TASK GOAL
Here is the task for the listing below: output exactly the lines from the one containing "情侣十指相扣生活照,见证爱情时光的甜蜜瞬间" through the one containing "Motorrad und Blätter als Tattoo", and leave out the pictures.

DATA FOR ANALYSIS
━━━━━━━━━━━━━━━━━━━━

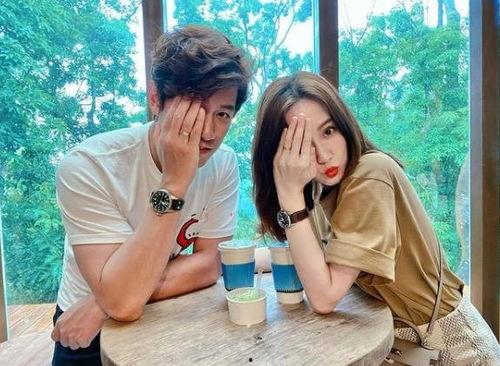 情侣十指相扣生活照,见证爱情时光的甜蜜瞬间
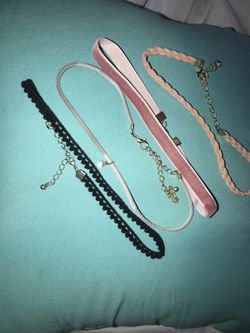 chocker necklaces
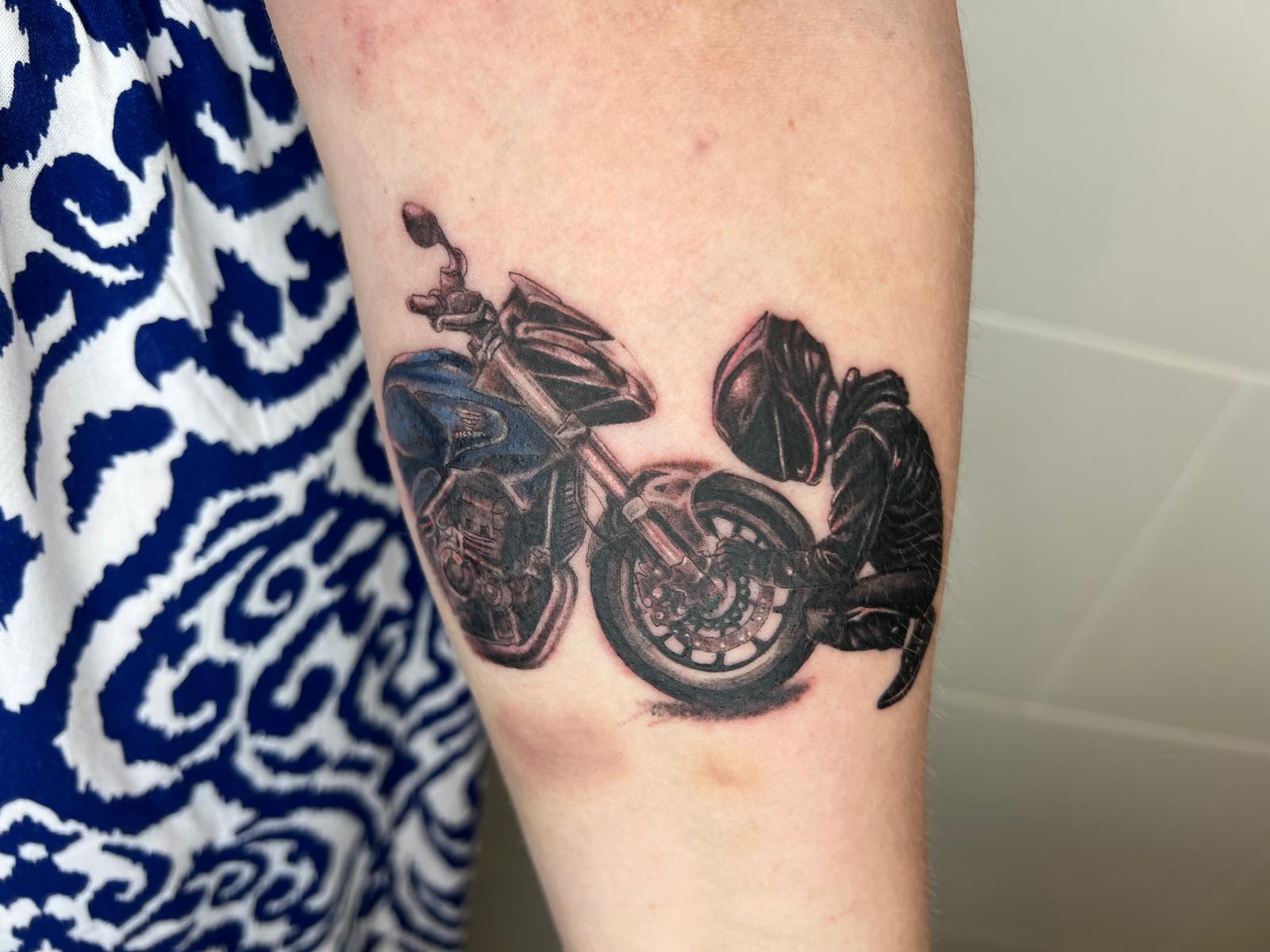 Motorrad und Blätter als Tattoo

━━━━━━━━━━━━━━━━━━━━

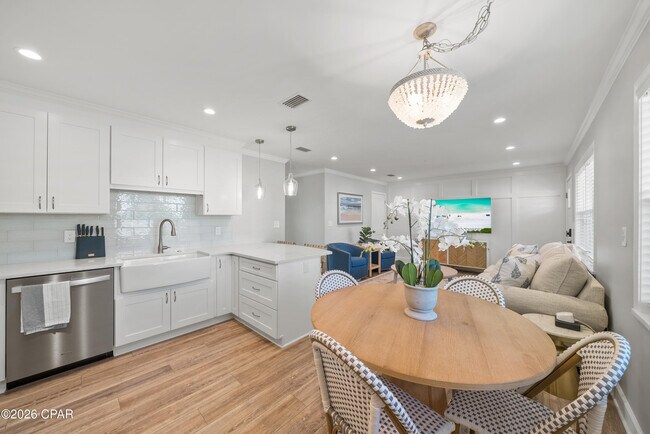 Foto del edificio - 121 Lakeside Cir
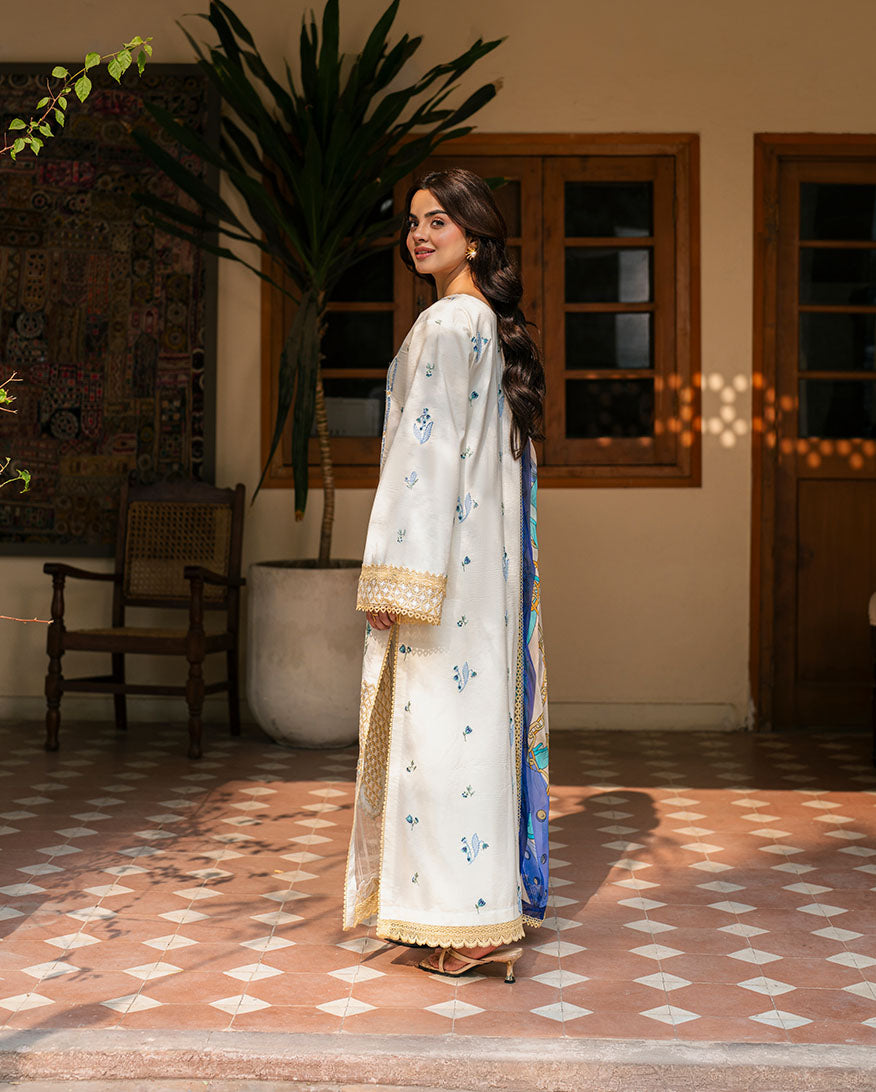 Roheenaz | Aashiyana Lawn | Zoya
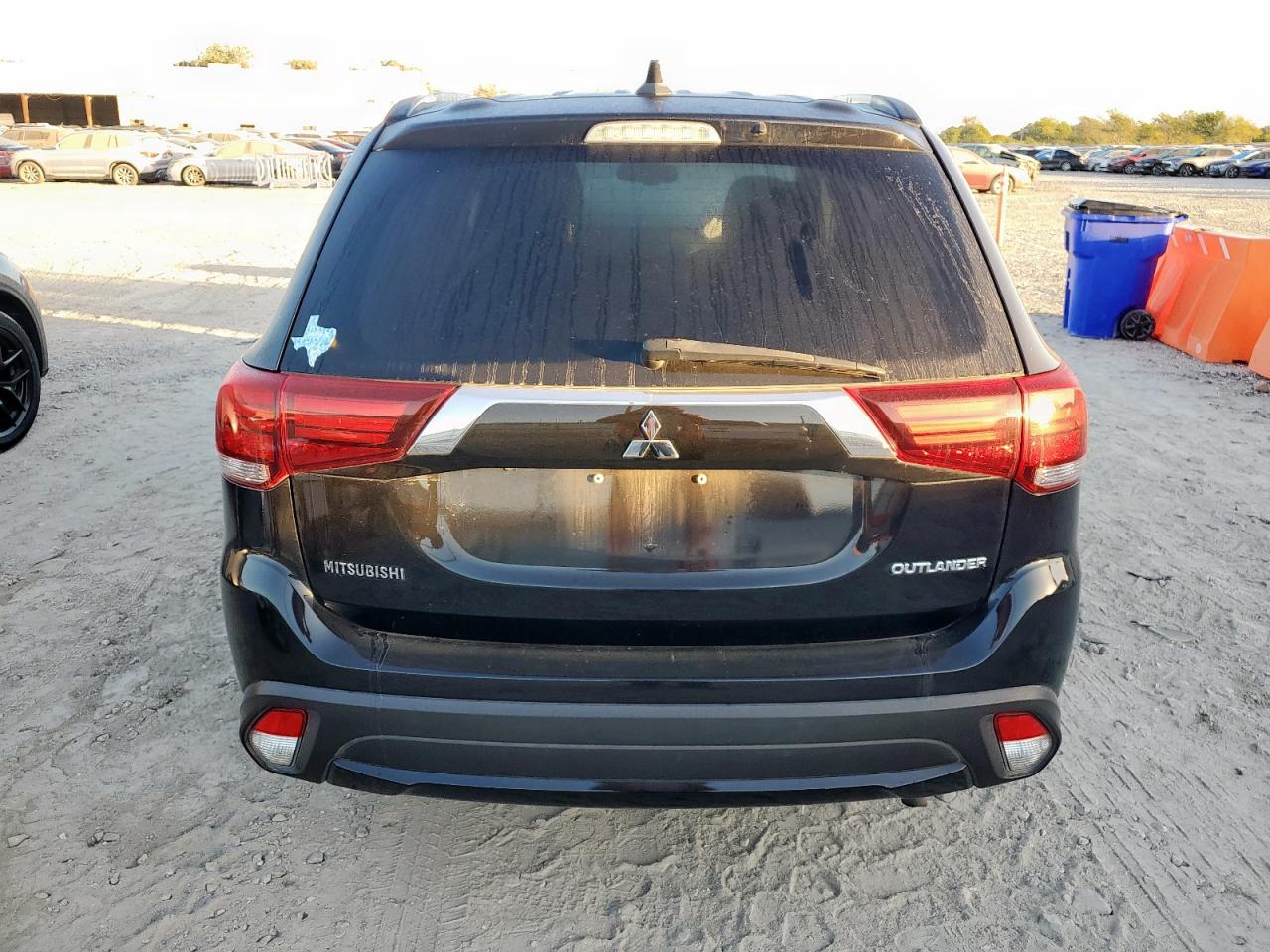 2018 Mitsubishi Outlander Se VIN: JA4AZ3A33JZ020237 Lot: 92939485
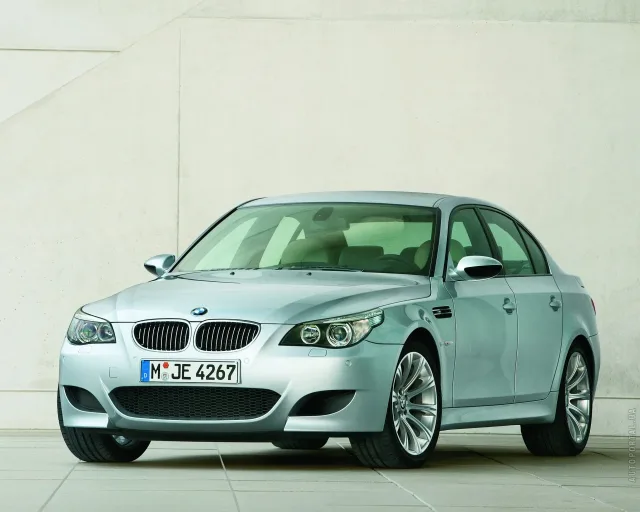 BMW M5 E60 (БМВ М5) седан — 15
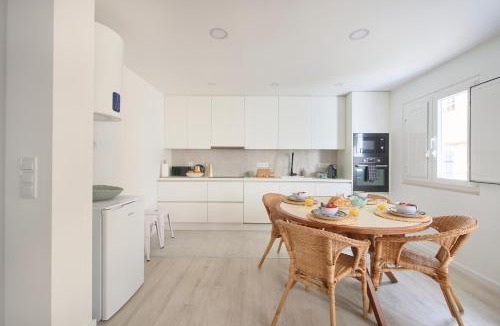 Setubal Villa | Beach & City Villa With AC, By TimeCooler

━━━━━━━━━━━━━━━━━━━━

EXERCISE RESPONSE
 情侣十指相扣生活照,见证爱情时光的甜蜜瞬间
 chocker necklaces
 Motorrad und Blätter als Tattoo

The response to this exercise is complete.